Amazon talks cybersecurity in the cloud for feds

The White House and some atypical federal contractors are out to calm fears among agency technology managers that outsourcing their computing to the cloud is a security nightmare waiting to happen.

Cloud computing, using on-demand hardware and software that is hosted online by a third party, might be gaining traction at some agencies. The Recovery Accountability and Transparency Board, which oversees stimulus spending, recently announced Amazon will host its money-tracking website Recovery.gov. But many chief information officers are only dipping their toes into Web-based information technology, uneasy about the possibility that data could be lost or hacked if an outside contractor is managing their information on the nebulous Internet.

Still, Federal CIO Vivek Kundra is pushing agencies to embrace the cloud within 10 years to cut IT costs and to gain flexibility that would allow them to serve the public better. To meet that deadline and to bridge a technology gap between the private and public sectors, he is trying to ease the procurement process for innovative, nontraditional vendors such as Amazon.com to provide federal services. The Seattle-based company has long hosted IT for corporations.

Kundra met in March with West Coast firms, including Amazon, "to discuss how government can improve how it is delivering services to the American people [and] to look at some of the impressive investments in next generation technologies," he wrote on the White House blog.

Aliya Sternstein interviewed Adam Selipsky, vice president of Amazon Web Services, to discuss federal manager's worries about IT security in the cloud.

Nextgov: When government officials are concerned about handing control of their data to a cloud services provider, what do you say to assure them of your networks' safety and security?

Selipsky: The word control is a good word. . . . I think there is often an initial fear of loss of control, but I think what most of them, such as Recovery.gov, Wall Street firms, large pharmaceutical firms, come to realize pretty quickly is that they are not relinquishing control of things that are really important to them. The data is going to be where you put it.

[Amazon offers organizations a choice of data centers located worldwide, including facilities in Ireland, Singapore and Northern Virginia.] We can guarantee that information will not leave that region unless you choose to move it. They also have a lot more control than they have traditionally had in terms of the computing resources they can bring to bear on their products. [Amazon's scale allows the company to apply significantly more security policing and countermeasures than almost any large company could afford, according to Amazon officials.]

Nextgov: The government typically has managed the physical security of its data centers, which is another reason federal officials might be reluctant to cede control. What steps does Amazon take to ensure that people cannot break into facilities that contain government data?

Selipsky: It's not just the physical security. It's about physical security, as well as security of the software and network layers. We think of security as an end-to-end issue. We use the same approaches that governments and large organizations have used for decades and are using today -- and then we add some things on top.

[As far as physical security,] it's the typical nondescript buildings that are not heavily advertised. . . . It's strict logging of anyone who has physical access to the facilities, video surveillance. We do appropriate background checks on every employee entering the facility. We give the ability to encrypt your data.

Nextgov: Your company offers a networking security service called the Amazon Virtual Private Cloud. What makes this service different from other cloud providers' data protection tools?

Selipsky: It simply makes Amazon Web Services look like another data center that they own or control. . . . It's a secure bridge between the agency's own [information security management] infrastructure and the AWS cloud.

Nextgov: How do you address the concern that a federal department's information will accidentally become stored with another client of yours?

Selipsky: There's basically no way for that mixing to happen. With the Virtual Private Cloud you really do create the same security measures that the company already has. . . .[It] allows you to cordon off your own private corner.

Nextgov: How many physical locations typically store a government customer's data to ensure adequate backup and disaster recovery?

Selipsky: We make multiple redundant copies in separate physical facilities. A tornado or a lightning strike is not going to take out the facilities where you have your data. We have multiple data centers within a specific region.

Nextgov: What do you say to federal officials who are worried about Amazon employees accessing government files?

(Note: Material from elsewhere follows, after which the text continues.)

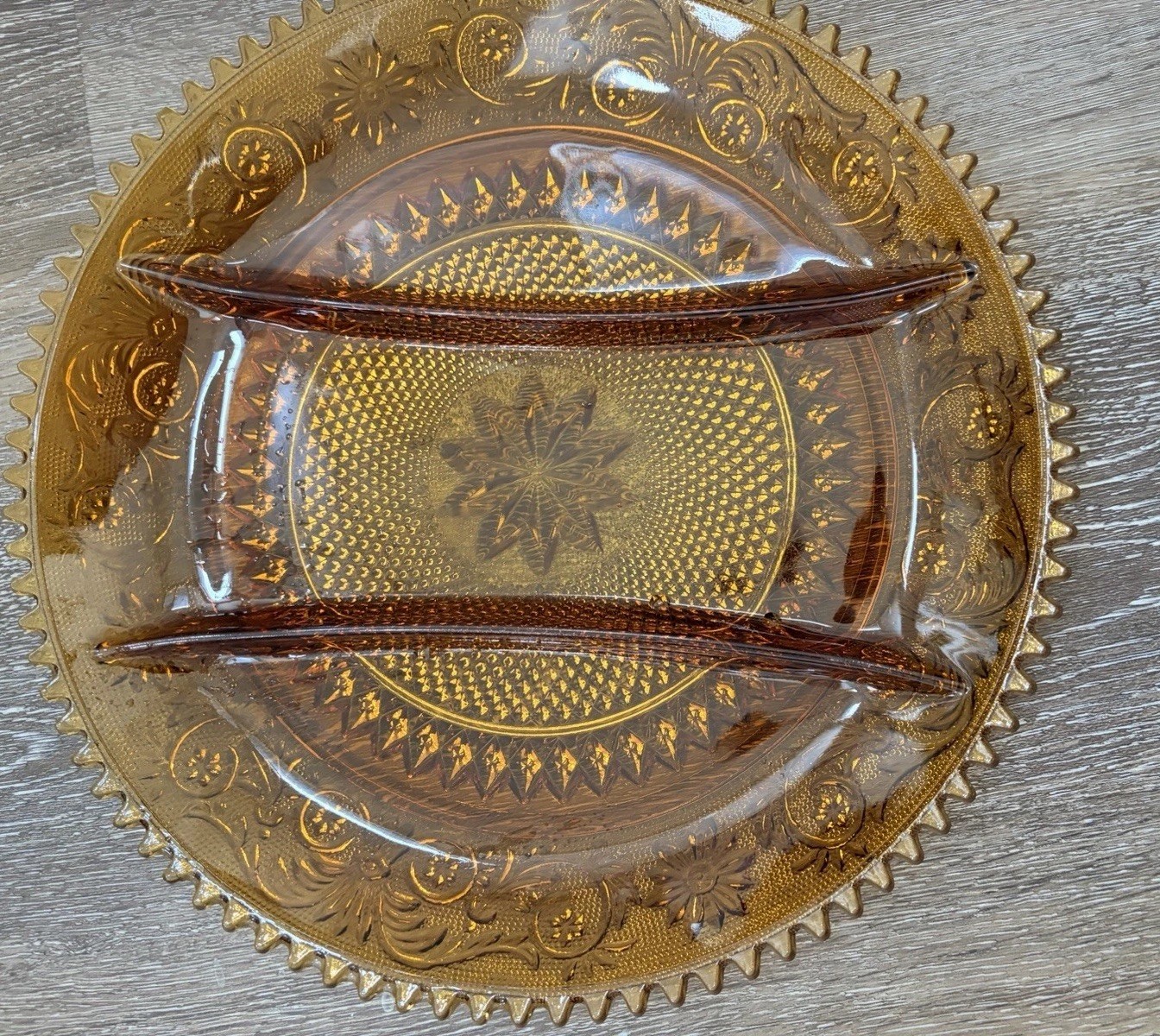 Vintage Amber Glass 3 Part Divided Serving Dish Tray Scalloped Starburst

Selipsky: A lot of organizations have issues with even knowing what assets are in place. Those are all access points into the network. It's incredibly hard for the CIO to know about all of those access points into the network. [On AWS], with a single command, a CIO can get a listing of every resource that is running in the AWS cloud. There is complete visibility and knowability of all assets.

We have strict policies on who can access what. There really is no way for AWS [personnel] to access an agencies' data if it's been encrypted. We have strict and effective logging so that if anyone did attempt to do anything that was technically feasible while prohibited, we would have instant visibility into who was doing that.